Città inclusive, resilienti e sostenibili. Sono le categorie usate per le città in pace. Oggi per lei è difficile parlare di Donetsk e Odessa, ma ci può raccontare come erano prima della guerra?
È molto difficile parlare della mia vita prima della guerra. Ho difficoltà a metterla a fuoco. Donetsk era il più grande centro industriale e commerciale dell’Ucraina con un’infrastruttura moderna, vitalità e cultura: hotel, ristoranti con standard europei, cinema e teatri, lo stadio Donbass Arena, che ha addirittura ospitato partite degli Europei del 2012 e la scuola di balletto del Donetsk, riconosciuta anche all’estero, facevano parte della sua straordinarietà. Oggi la regione è depressa ed è stata privata di tutte le sue ricchezze e di tutta la sua attività produttiva. Le fabbriche sono state saccheggiate e la maggior parte delle miniere sono state inondate. Il nostro business di famiglia si è dovuto fermare, le nostre proprietà sono state nazionalizzate dal nuovo governo di questa repubblica ora irriconoscibile. Prima della guerra, Odessa era il più grande centro turistico, culturale e storico dell’Ucraina. Turismo, festival, mostre internazionali, bellissime spiagge oggi abbandonate per paura delle mine.

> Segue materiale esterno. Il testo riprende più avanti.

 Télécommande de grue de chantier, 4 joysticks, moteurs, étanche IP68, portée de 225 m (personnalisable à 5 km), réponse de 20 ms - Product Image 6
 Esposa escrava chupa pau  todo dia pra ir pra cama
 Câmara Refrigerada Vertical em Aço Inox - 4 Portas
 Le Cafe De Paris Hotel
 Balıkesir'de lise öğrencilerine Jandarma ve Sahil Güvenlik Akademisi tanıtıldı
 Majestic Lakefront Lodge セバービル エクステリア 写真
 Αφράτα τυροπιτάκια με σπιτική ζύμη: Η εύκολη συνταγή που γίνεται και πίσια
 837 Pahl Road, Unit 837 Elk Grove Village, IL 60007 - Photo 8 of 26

Si è parlato di urbanizzazione del conflitto, oggi la guerra si combatte sempre più dentro le città. Quali conseguenze?
Le conseguenze sono devastanti in termini di vittime civili e distruzione di edifici e infrastrutture non militari. Siamo tutti in pericolo ogni giorno e ogni notte.

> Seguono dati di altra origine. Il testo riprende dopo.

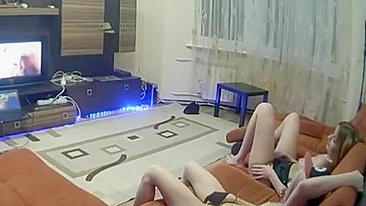 Espionando Irmãs Adolescentes em Pornô de Câmera Escondida - Masturbação Amadora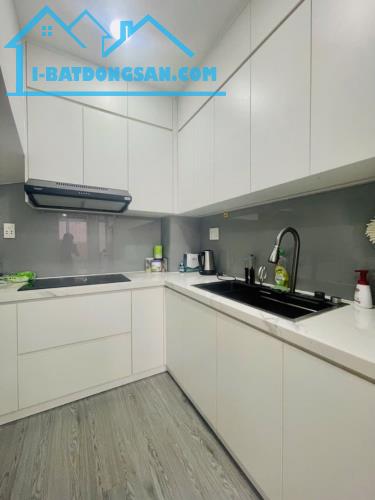 Chính Chủ - Đã Hoàn Công , DT 21M2 , 4 Tầng Đúc Với 3 PN,3WC -  Lý Chính Thắng - 3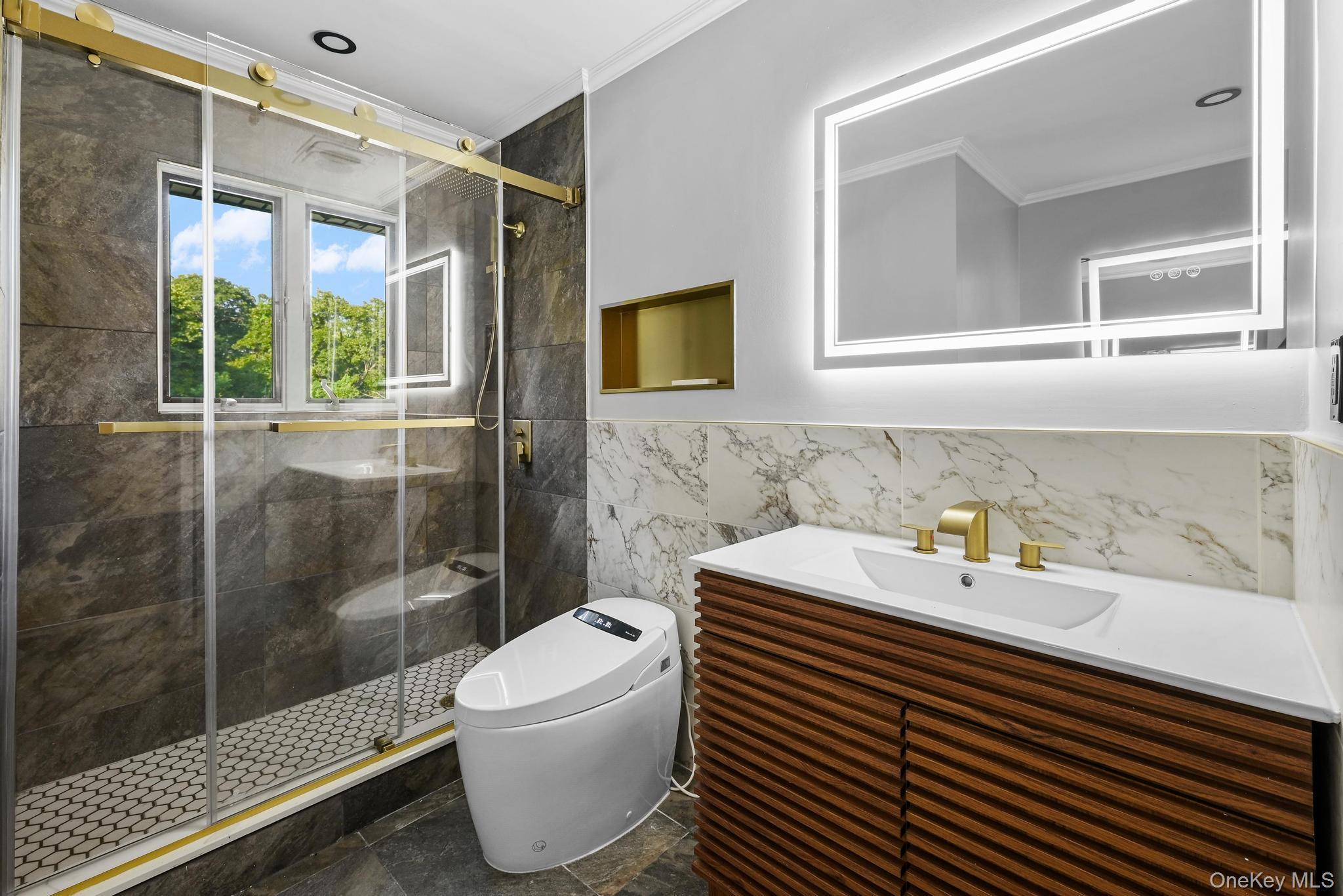 Single Family Wintergreen Suffolk County, NY 11747, MLS-896606-32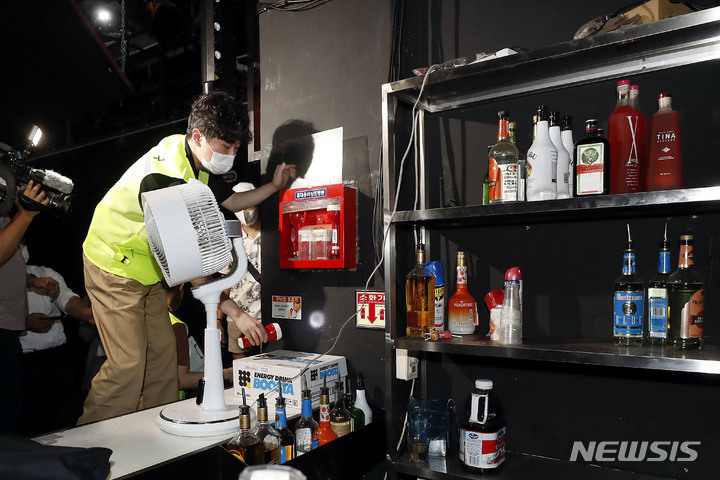 [서울=뉴시스] 최동준 기자 = '홍대클럽 종합 안전컨설팅'이 열린 지난 18일 서울 홍대의 한 클럽에서 민관합동 관계자들이 소방안전관리 점검을 하고 있다. 마포구는 홍대클럽 활성화로 이용객 등 시민안전 확보가 중요해짐에 따라 범죄, 위생, 소방, 전기 분야 민관합동으로 클럽 안전 강화방안 컨설팅을 진행했다. 2022.08.19. photocdj@newsis.com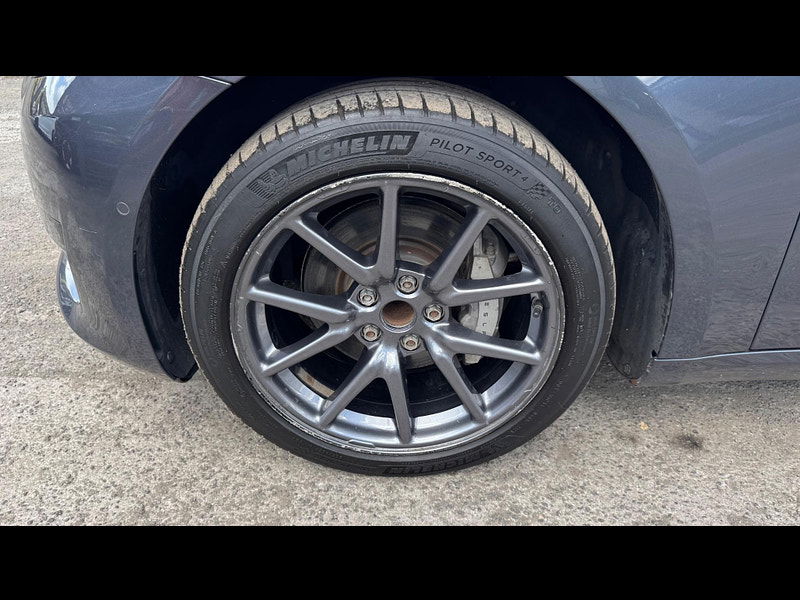 Tesla Model 3 Standard Range Plus Auto RWD 4dr 4dr Automatic 2025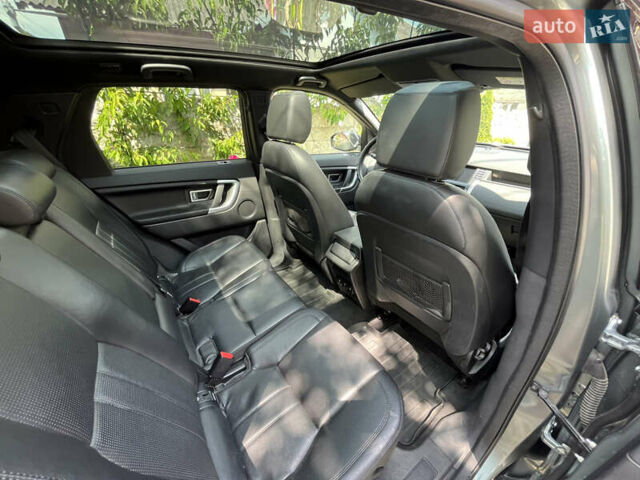 Серый Ленд Ровер Discovery Sport, объемом двигателя 2 л и пробегом 182 тыс. км за 21400 $, фото 13 на Automoto.ua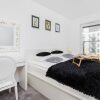 Отель Lux 3 Bedroom Flat by Renters Prestige, фото 31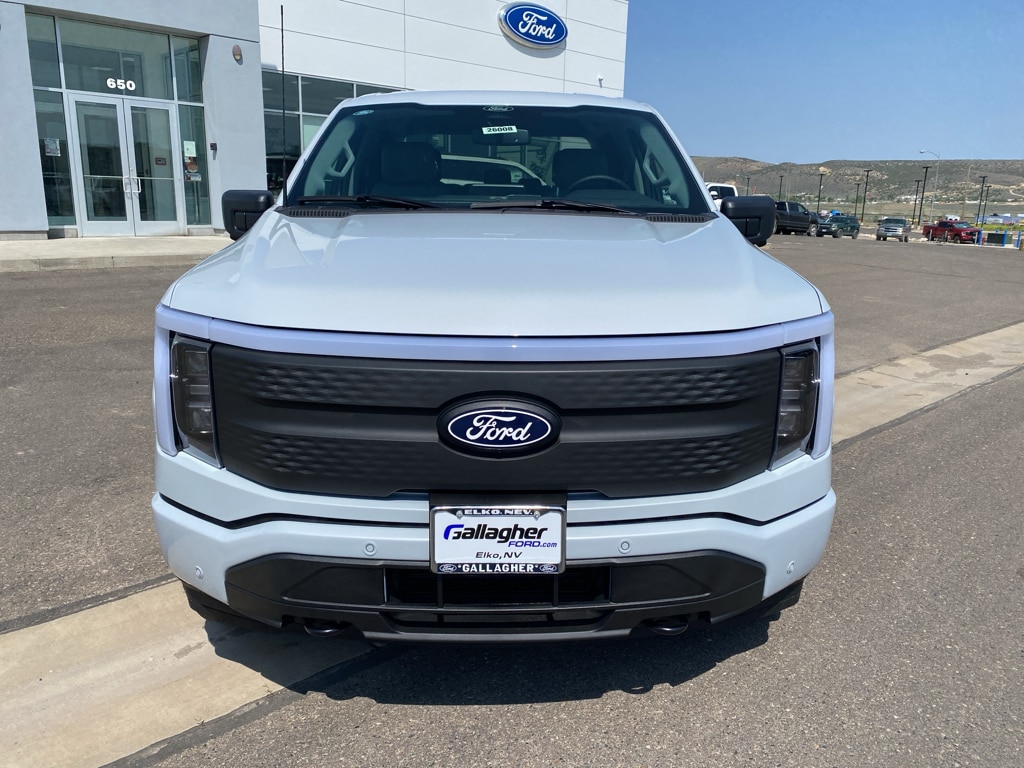 2025 Ford F-150 Lightning Flash - Photo 16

C’è il rischio oggi che le città ucraine diventino l’occasione di una nuova coniugazione del concetto di urbicidio? Cioè, il conflitto, secondo lei, darà luogo alla riduzione in macerie delle città come modo per cancellarne l’identità ucraina?
Sì, certo, questo è il rischio. La guerra della Russia contro l’Ucraina è un genocidio. Distruggono scuole, università, teatri e musei proprio con questo obiettivo. I territori occupati stanno facendo esperienza della violazione dei diritti umani. Che sia chiaro: noi non stiamo solo combattendo per la nostra terra e la nostra libertà. Noi stiamo combattendo per mantenere in vita la nostra cultura e l’arte è uno strumento fondamentale.
Arte e guerra, già Goya con i disastri della guerra, Picasso con la Guernica, hanno dato voce al dolore più atroce. Come ha influito il conflitto nel suo linguaggio artistico?
Ovviamente gli sviluppi militari hanno una grande influenza su di me perché la mia arte riflette sempre i miei sentimenti. Oggi utilizzo colori più forti, più brillanti con più contrasti. Non posso dire che lo stile sia cambiato: i ritratti delle donne rimangono il mio soggetto più importante, tuttavia le donne sulle mie tele riflettono il mio stato d’animo e lo stato d’animo di ogni donna ucraina. E i loro occhi sono spesso pieni di lacrime, ma hanno ancora la luce della speranza.